It’s very common for people to supplement with vitamins and minerals nowadays. Vitamin C, zinc, vitamin D, omega-3, turmeric, and medicinal mushrooms are common supplements. Another supplement that receives a lot of attention is folic acid, which also exists in fortified foods. It’s the synthesized version of folate, the natural form of vitamin B9, which you can find in a wide variety of natural foods.
What Is Folate?
Folate is a water soluble vitamin that encourages proper fetal growth and development, reducing the risk of some common birth defects. It also supports healthy cell division and assists the body with red and white blood cell production. Folate supports DNA and RNA and even helps the body convert carbohydrates into energy. In a nutshell, folate does quite a lot for the body, which is why it’s such an important nutrient.
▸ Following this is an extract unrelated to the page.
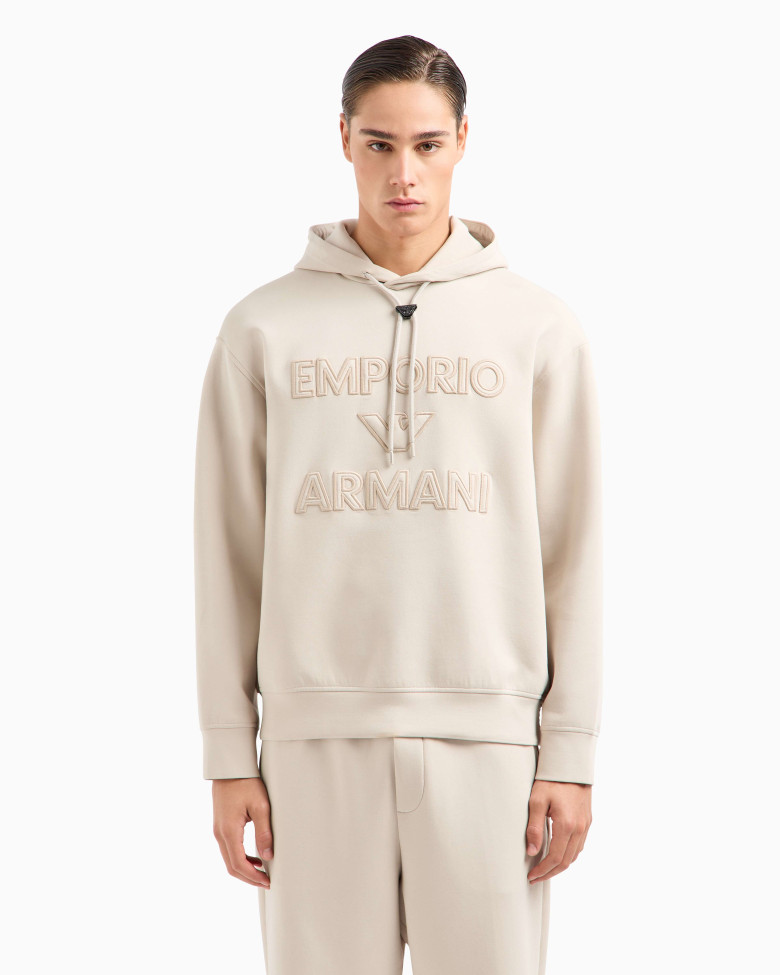 Худи Regular Fit: классический крой, средняя свобода движений.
And the great news is that you can get it from many different foods.
According to the National Institutes of Health (NIH), adults and children over the age of 14 should consume 400 micrograms (mcg) of folate per day. For reference, that’s about 1.5 cups of boiled spinach. Pregnant women should consume 600 mcg of folate each day to encourage healthy fetal development. Learn how to add more folate to your diet by reading about the foods below.
These healthy spears offer a wide variety of nutrients, including folate. A half-cup of cooked asparagus fulfills 134 mcg of folate, which equates to about 34% of your recommended daily intake (RDI). Asparagus exhibits anti-inflammatory and antibacterial activity, in addition to offering lots of heart-healthy fiber.
Many legumes, including beans, lentils, and black-eyed peas, tend to contain more folate than most other foods. The exact amount of folate varies between legume varieties, but one cup of cooked black-eyed peas contains about 200 mcg. Comparatively, one cup of cooked kidney beans contains 131 mcg. Black-eyed peas are very easy to incorporate into several dishes, but you can always opt for lentils, black beans, or kidney beans if you prefer.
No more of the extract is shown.